The year is 1926 and Newt Scamander (Eddie Redmayne) has just completed a global excursion to find and document an extraordinary array of magical creatures. Arriving in New York for a brief stopover, he might have come and gone without incident…were it not for a No-Maj (American for Muggle) named Jacob (Dan Fogler), a misplaced magical case, and the escape of some of Newt’s fantastic beasts, which could spell trouble for both the wizarding and No-Maj worlds. – courtesy Warner Brothers

Years ago when the final Harry Potter film closed, and the seventh book ended many of us felt a loss. The universe continued to expand but it was never as fully satiating as we wished. We were recently granted a respite from that loss with the publication of the script for the Cursed Child stage play, but again it felt like an old friend simply visiting for the night. I am very happy to say, as a fan, Fantastic Beasts and Where to Find Them left me completely satisfied, and ravenously hungry for more. While it may not necessarily reach the emotional highs and lows achieved in the Harry Potter franchise, I believe it just needs some time.

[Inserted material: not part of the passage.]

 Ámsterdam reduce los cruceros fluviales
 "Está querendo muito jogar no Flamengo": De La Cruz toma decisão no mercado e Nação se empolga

That said I believe it was more captivating and engaging than any of the eight Harry Potter films, even if it does feel slightly blasphemous to write that. While my inner fan would find it difficult to find much fault with this film, I can honestly say it is not without flaws, none of which is fatal. Most of what I would point out is nit-picky issues with continuity, visual elements, and common cinema tropes. I cannot care too much about minor continuity errors, because the more complicated the film, the more likely props and set pieces will find themselves out of place from shot to shot. However when those continuity problems exist in post-production effects I find those less forgivable, but I feel it adds a level of character that harkens to the days when practical effects were the only option, it feels slightly more real because of those minor imperfections. Sometimes visual design does not always fit, or work. In a film set in a specific historical era sometimes the costuming is not accurate because historical accuracy does not always look the best on screen. None of those issues hurt this film. What did hurt were the clichéd plot holes, Newt’s suitcase for example. Two things bothered me, the first is that it obviously has keyholes but they are never used to lock, or unlock the case, the second is that a talented wizard should have very easily charmed a suitcase that could not be accidentally opened. Of course if either of these two plot holes had been plugged the story would not be possible. I will let that slide, but I noticed, I definitely noticed but I will buy an explanation like Newt was a little too preoccupied to worry about something like proper magical suitcase locks.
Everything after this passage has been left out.